Here's what the stack trace looks like:

Error
    at get_caller_info (/Users/ishtmeet/Code/logtard/lib/utils/helpers.js:21:11)
    at Logger.#write_to_handle (/Users/ishtmeet/Code/logtard/lib/logger.js:113:69)
    at Logger.#log (/Users/ishtmeet/Code/logtard/lib/logger.js:90:36)

Where are the lines that refer to the logger.info and the main() function? They seem to be missing...

Stack traces across await points

An "asynchronous point" or an "await point" is a concept that refers to the moment when control is handed back to the JavaScript runtime during an asynchronous operation.

This point is marked by the await keyword or when a promise's then() or catch() method is called. At an await point, the runtime can execute other tasks while keeping track of the ongoing asynchronous operation. But this has something going behind the scenes.

When an async function is invoked and it encounters an await expression, the function execution is essentially paused and control is returned to the event loop. The event loop then continues processing other tasks in the queue. When the awaited asynchronous operation completes (e.g., a Promise resolves), the function is resumed from where it was paused.

The function kind of yields back to the runtime, saying - "Hey, please continue with the event loop and continue this function from this line whenever you get that data".

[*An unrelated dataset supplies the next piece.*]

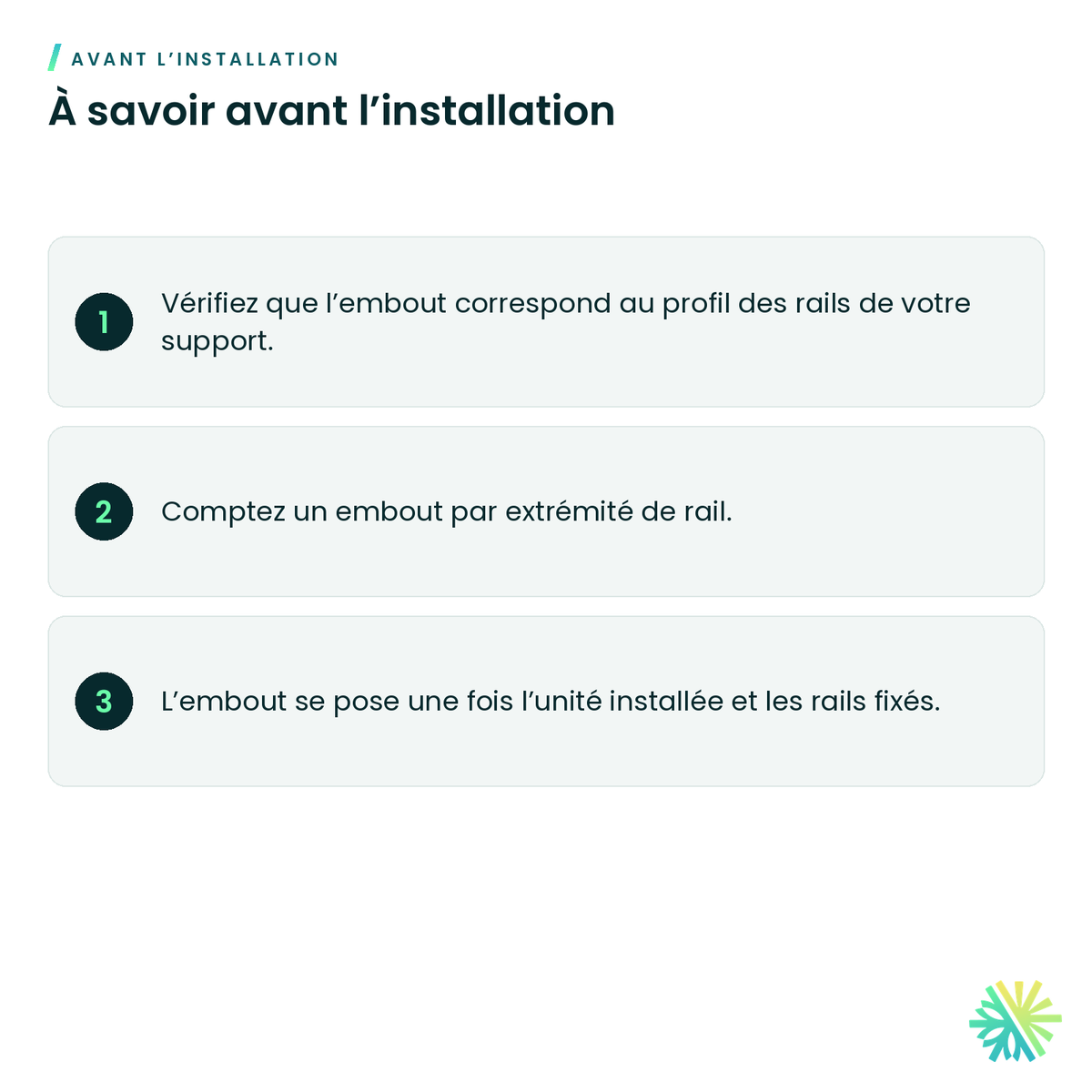 À savoir avant l’installation – Embouts en plastique pour support mural – boîte de 50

When an error occurs within an asynchronous function, the stack trace that is captured includes information up to the point where the asynchronous operation was initiated (i.e., where the await is placed). However, it does not include the full call stack leading up to the initial invocation of the asynchronous function. This is because the call stack gets unwound as control is returned to the event loop.

If an error occurs within an asynchronous function before the await expression, the stack trace will include information about where the error happened and all the calling functions leading up to that point.

If an error occurs after the await expression, the stack trace will only include information about the current function and the awaited function that was resumed after the asynchronous operation completed. It will not include the calling functions that led to the initial invocation of the asynchronous function.

This behavior is designed to make the program more efficient. But what's causing the issue in our code?

The culprit

// file: lib/logger.js

class Logger {
    ...
    async #log(message, log_level) {
        if (log_level < this.#config.level || !this.#log_file_handle.fd) {
            return;
        }

        // This is causing the issue
        await this.#rolling_check();
        await this.#write_to_handle(message, log_level);
    }

    ...
}

The async method #rolling_check() is the one that's causing the stack trace to trim all the required info.

When the runtime encounters the expression starting with await, it pauses the execution of that function and "unwind the stack" in a non-blocking manner. This means that the method will yield control back to the event loop, allowing other tasks to be processed while the awaited asynchronous operation completes.

So, all the information about who invoked the #log method is dropped. This is done to make the code more efficient. The more information the runtime needs to hold, the more memory it will occupy.

So how do we fix it? It's very simple. Write to the file_handle before we do the rolling_check. Here's the updated code:

// file: lib/logger.js

class Logger {
    ...
    async #log(message, log_level) {
        if (log_level < this.#config.level || !this.#log_file_handle.fd) {
            return;
        }

        await this.#write_to_handle(message, log_level);
        // Make sure we're doing the writing before checking for rolling creation
        await this.#rolling_check();
    }

    ...
}

Let's try to run test.js again. That works!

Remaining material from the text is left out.